The following data has a line with "love speculaas, warme" and a line with "Mitsubishi Outlander PHEV vaihtoauto". Write out exactly those lines and all the lines between them.

**INFORMATION GIVEN:**
== Segment start ==

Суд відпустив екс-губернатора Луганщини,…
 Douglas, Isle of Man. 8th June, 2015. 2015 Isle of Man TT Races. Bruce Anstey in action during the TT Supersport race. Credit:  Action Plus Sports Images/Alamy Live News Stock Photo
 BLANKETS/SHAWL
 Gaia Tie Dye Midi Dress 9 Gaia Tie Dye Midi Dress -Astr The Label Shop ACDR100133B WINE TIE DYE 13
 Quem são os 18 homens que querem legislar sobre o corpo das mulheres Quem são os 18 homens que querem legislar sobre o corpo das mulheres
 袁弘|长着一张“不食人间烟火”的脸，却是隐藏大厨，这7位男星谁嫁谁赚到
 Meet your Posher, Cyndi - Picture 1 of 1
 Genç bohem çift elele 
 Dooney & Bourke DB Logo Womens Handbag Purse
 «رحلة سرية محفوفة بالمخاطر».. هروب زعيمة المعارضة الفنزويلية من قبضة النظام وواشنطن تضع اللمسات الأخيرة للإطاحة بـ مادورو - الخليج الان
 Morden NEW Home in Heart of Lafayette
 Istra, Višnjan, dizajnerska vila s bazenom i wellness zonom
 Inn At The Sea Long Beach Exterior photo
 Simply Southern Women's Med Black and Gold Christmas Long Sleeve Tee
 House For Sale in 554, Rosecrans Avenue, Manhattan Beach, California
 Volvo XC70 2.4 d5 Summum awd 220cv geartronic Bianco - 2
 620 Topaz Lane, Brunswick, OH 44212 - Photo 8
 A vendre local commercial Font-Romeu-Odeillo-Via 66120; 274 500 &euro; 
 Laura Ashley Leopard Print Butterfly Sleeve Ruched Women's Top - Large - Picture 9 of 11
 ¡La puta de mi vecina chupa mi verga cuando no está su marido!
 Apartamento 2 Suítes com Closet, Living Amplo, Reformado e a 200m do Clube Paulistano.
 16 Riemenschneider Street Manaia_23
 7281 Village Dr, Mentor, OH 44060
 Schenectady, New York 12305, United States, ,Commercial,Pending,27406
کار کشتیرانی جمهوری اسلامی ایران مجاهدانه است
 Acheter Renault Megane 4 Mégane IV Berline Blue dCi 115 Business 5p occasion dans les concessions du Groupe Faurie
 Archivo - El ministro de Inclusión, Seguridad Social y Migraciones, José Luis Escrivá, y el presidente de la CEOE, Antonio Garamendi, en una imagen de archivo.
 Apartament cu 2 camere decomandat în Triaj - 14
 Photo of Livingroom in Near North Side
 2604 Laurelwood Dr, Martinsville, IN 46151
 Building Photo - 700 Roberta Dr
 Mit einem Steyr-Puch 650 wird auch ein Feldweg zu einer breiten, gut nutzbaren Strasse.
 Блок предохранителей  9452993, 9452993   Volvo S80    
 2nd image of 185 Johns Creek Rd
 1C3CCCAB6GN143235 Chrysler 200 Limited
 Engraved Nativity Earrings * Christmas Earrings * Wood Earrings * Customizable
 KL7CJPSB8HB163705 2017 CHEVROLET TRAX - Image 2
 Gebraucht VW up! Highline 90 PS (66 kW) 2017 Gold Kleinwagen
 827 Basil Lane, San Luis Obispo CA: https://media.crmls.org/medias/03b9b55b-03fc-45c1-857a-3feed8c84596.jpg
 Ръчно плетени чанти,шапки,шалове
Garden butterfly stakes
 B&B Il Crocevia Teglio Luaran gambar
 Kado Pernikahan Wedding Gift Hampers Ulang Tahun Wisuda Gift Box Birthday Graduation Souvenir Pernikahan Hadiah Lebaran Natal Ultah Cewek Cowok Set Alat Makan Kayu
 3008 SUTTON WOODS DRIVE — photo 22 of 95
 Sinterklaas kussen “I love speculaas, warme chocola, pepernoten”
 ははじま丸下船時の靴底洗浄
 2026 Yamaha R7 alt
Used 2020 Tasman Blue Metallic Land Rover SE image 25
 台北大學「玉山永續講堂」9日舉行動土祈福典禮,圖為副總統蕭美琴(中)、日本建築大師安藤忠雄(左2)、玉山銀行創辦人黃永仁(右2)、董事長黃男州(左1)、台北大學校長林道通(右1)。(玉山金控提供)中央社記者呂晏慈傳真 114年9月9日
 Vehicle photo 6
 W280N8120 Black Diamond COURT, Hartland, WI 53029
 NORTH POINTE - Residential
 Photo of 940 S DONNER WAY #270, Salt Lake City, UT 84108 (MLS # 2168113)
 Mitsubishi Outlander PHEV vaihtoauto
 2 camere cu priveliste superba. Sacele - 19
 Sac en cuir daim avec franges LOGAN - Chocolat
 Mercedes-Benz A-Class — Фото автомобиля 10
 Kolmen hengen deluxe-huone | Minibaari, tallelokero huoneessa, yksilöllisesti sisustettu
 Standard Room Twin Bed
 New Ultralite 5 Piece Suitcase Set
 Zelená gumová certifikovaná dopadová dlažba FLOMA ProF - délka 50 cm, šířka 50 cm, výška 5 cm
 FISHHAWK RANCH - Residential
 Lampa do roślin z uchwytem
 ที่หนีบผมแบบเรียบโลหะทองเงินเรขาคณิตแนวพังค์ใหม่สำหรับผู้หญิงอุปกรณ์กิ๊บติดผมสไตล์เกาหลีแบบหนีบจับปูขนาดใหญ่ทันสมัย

== Segment end ==

**SOLUTION BELOW:**
 Sinterklaas kussen “I love speculaas, warme chocola, pepernoten”
 ははじま丸下船時の靴底洗浄
 2026 Yamaha R7 alt
Used 2020 Tasman Blue Metallic Land Rover SE image 25
 台北大學「玉山永續講堂」9日舉行動土祈福典禮,圖為副總統蕭美琴(中)、日本建築大師安藤忠雄(左2)、玉山銀行創辦人黃永仁(右2)、董事長黃男州(左1)、台北大學校長林道通(右1)。(玉山金控提供)中央社記者呂晏慈傳真 114年9月9日
 Vehicle photo 6
 W280N8120 Black Diamond COURT, Hartland, WI 53029
 NORTH POINTE - Residential
 Photo of 940 S DONNER WAY #270, Salt Lake City, UT 84108 (MLS # 2168113)
 Mitsubishi Outlander PHEV vaihtoauto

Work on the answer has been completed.